Film Review by George Sully | 19 Jun 2015
Film title: Hellions
Director: Bruce McDonald
Starring: Chloe Rose, Robert Patrick, Rossif Sutherland, Rachel Wilson

Hellions is like chewing gum: it begins promisingly enough, with a genuine sense of foreboding and serviceable performances from the lead (Chloe Rose as teen Dora) and her family. It is halloween, and punky Dora learns of her unexpected pregnancy; cue eerie trick-or-treaters. Not the most novel of horror premises.

But beyond the first act – where this review’s sole star is earned – any and all worthwhile tension is squandered in a confused mess of lazily accessed iconography (spooky kids, blood-drenched hallucinations, disorienting sepia-stained day-for-night shots) and far, far too many climaxes. Even Robert Patrick as a two-dimensional local cop (ironically more robotic than his menacing T-1000 in T2) can’t save it.
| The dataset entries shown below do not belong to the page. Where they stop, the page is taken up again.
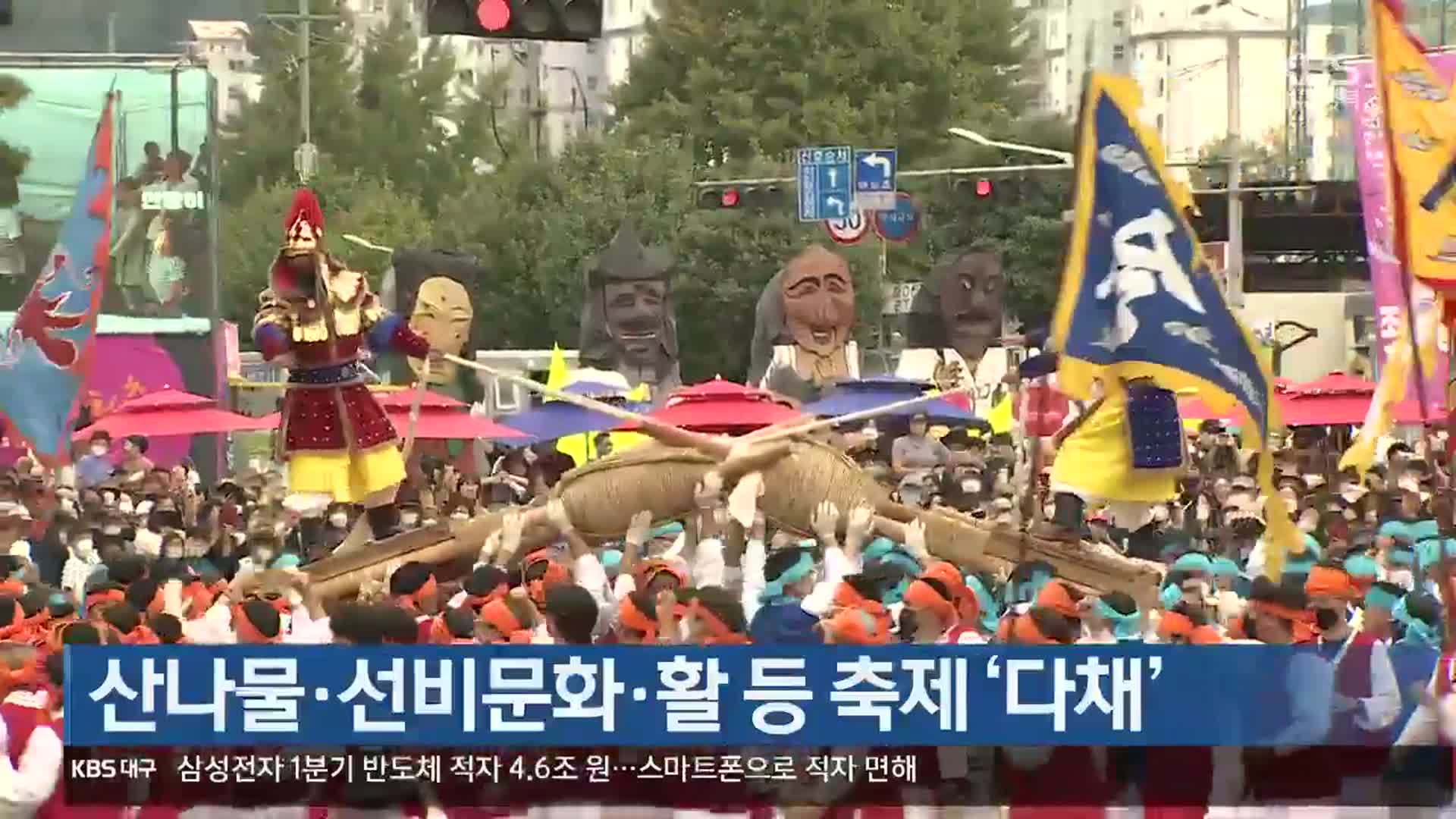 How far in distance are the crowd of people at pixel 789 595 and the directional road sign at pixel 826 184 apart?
24.1 m

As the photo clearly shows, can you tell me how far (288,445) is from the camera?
12.0 meters

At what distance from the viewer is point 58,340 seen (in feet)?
44.5

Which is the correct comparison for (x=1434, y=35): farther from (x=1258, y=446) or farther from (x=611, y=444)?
(x=1258, y=446)

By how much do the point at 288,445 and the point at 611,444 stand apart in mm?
5327

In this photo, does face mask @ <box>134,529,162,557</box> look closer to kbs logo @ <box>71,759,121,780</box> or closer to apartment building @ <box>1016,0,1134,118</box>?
kbs logo @ <box>71,759,121,780</box>

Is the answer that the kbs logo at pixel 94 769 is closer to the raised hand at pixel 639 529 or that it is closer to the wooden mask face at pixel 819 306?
the raised hand at pixel 639 529

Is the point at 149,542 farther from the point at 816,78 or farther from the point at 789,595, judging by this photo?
the point at 816,78

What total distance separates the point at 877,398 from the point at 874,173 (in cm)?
1894

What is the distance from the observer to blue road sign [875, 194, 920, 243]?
40.7m

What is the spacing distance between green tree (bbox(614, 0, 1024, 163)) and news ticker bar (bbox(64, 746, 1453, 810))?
126 ft

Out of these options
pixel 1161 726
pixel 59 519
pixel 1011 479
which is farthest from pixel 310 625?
pixel 1011 479

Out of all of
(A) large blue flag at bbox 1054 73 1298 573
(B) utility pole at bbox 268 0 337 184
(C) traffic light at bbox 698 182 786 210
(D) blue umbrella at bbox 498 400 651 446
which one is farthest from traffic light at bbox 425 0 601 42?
(C) traffic light at bbox 698 182 786 210

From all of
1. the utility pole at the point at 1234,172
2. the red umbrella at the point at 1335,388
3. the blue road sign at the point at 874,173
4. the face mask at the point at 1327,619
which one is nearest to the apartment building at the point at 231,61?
the blue road sign at the point at 874,173

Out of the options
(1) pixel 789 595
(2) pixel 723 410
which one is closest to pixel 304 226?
(1) pixel 789 595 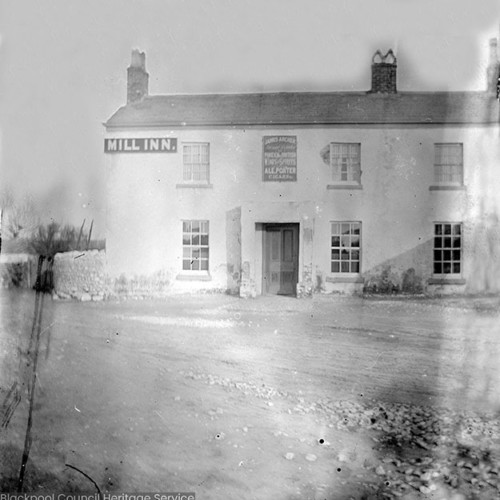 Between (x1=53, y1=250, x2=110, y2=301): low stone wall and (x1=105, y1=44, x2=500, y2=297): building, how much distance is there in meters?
0.09

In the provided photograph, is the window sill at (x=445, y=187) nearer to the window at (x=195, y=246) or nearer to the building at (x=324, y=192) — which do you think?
the building at (x=324, y=192)

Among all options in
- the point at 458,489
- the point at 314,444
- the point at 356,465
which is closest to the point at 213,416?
the point at 314,444

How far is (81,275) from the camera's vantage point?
1.90 meters

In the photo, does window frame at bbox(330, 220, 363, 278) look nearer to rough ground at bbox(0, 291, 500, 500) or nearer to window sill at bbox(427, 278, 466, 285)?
rough ground at bbox(0, 291, 500, 500)

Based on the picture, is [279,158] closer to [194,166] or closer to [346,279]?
[194,166]

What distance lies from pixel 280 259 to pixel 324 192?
29cm

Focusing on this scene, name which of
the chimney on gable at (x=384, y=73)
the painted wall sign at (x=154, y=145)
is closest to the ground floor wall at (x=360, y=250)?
the painted wall sign at (x=154, y=145)

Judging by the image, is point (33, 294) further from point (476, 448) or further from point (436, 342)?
point (476, 448)

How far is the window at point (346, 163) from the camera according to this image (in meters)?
1.72

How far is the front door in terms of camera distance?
66.5 inches

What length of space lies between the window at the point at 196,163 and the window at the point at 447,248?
0.85 metres

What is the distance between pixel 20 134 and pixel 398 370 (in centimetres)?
179

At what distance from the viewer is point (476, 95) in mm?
1754

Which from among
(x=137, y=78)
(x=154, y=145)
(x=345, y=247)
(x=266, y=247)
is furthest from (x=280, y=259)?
(x=137, y=78) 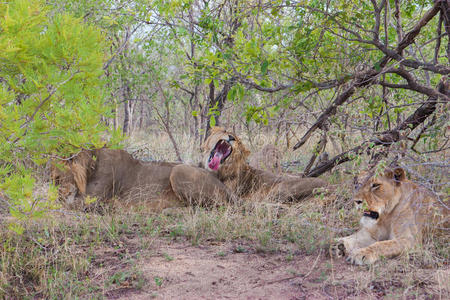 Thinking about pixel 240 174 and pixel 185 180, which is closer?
pixel 185 180

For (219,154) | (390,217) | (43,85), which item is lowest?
(390,217)

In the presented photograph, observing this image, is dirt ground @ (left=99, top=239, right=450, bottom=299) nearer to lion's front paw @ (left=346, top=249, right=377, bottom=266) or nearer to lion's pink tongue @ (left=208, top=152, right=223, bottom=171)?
lion's front paw @ (left=346, top=249, right=377, bottom=266)

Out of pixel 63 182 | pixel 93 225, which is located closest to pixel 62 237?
pixel 93 225

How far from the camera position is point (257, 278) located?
347 centimetres

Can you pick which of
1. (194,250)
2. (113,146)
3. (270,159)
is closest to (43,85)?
(113,146)

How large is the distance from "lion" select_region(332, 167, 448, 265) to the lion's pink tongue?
89.4 inches

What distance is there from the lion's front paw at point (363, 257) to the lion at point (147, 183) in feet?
7.01

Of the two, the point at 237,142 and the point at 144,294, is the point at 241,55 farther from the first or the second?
the point at 144,294

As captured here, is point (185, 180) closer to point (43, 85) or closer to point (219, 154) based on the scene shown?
point (219, 154)

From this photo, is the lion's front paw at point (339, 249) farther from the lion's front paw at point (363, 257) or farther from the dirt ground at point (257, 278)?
the lion's front paw at point (363, 257)

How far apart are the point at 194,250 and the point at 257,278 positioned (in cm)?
89

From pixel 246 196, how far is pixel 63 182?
215cm

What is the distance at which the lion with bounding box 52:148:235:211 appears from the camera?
541 centimetres

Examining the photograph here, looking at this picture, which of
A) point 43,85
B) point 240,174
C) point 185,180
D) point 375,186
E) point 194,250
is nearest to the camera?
point 43,85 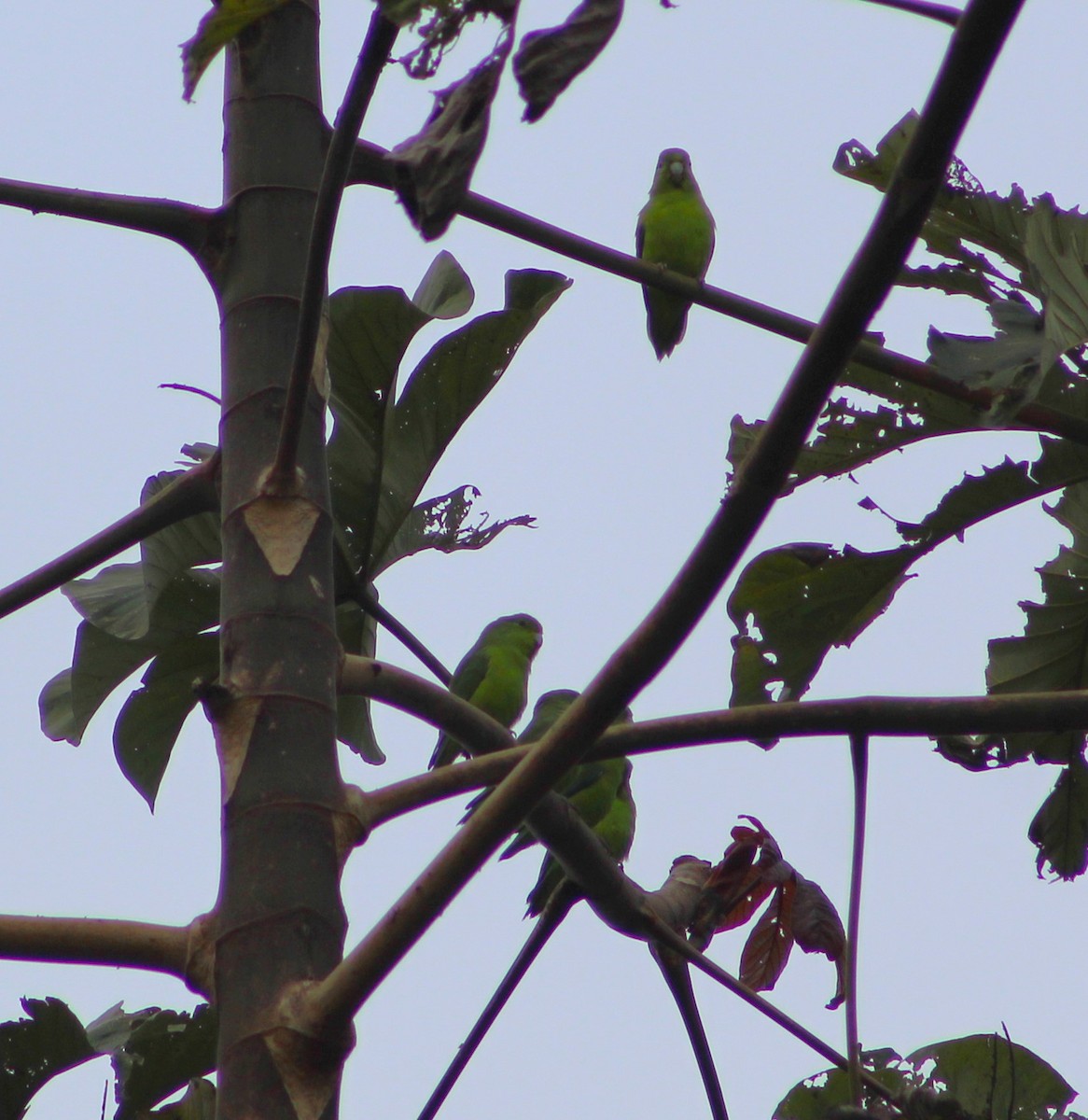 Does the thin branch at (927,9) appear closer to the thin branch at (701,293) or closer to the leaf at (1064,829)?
the thin branch at (701,293)

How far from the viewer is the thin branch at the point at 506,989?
238 cm

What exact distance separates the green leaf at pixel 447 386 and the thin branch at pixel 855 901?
125 cm

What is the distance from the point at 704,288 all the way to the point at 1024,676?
1175mm

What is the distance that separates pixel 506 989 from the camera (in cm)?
244

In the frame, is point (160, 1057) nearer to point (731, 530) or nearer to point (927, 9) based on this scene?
point (731, 530)

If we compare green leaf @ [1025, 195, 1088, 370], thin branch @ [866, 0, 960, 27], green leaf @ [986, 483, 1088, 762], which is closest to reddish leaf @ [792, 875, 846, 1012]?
green leaf @ [986, 483, 1088, 762]

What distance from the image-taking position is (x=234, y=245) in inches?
93.3

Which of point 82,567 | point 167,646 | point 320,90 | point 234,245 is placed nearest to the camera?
point 82,567

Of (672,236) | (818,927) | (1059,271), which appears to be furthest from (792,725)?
(672,236)

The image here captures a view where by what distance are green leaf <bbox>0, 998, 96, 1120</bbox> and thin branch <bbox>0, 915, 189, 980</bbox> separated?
0.61 m

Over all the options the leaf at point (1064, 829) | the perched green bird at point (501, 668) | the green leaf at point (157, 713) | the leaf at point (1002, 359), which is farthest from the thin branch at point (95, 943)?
the perched green bird at point (501, 668)

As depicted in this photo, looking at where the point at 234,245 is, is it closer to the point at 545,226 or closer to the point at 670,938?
the point at 545,226

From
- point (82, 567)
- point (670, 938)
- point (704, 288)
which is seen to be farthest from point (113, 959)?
point (704, 288)

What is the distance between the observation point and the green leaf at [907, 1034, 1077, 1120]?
268cm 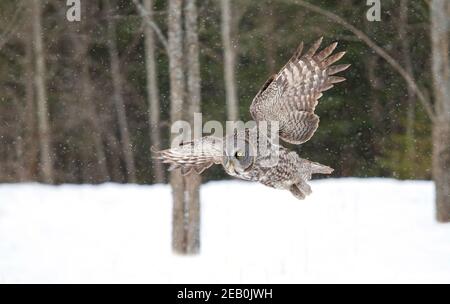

To director Bruce McDonald’s credit, certain scenes reach ambitiously for iconic status (angel-costumed Dora with a shotgun, sack-masked kids saying “Mama”, and er, exploding pumpkins). But they are strung together too repeatedly, and too transparently for their own sake, so that their potential is entirely undermined; chewed and rechewed so self-indulgently that all flavour is lost.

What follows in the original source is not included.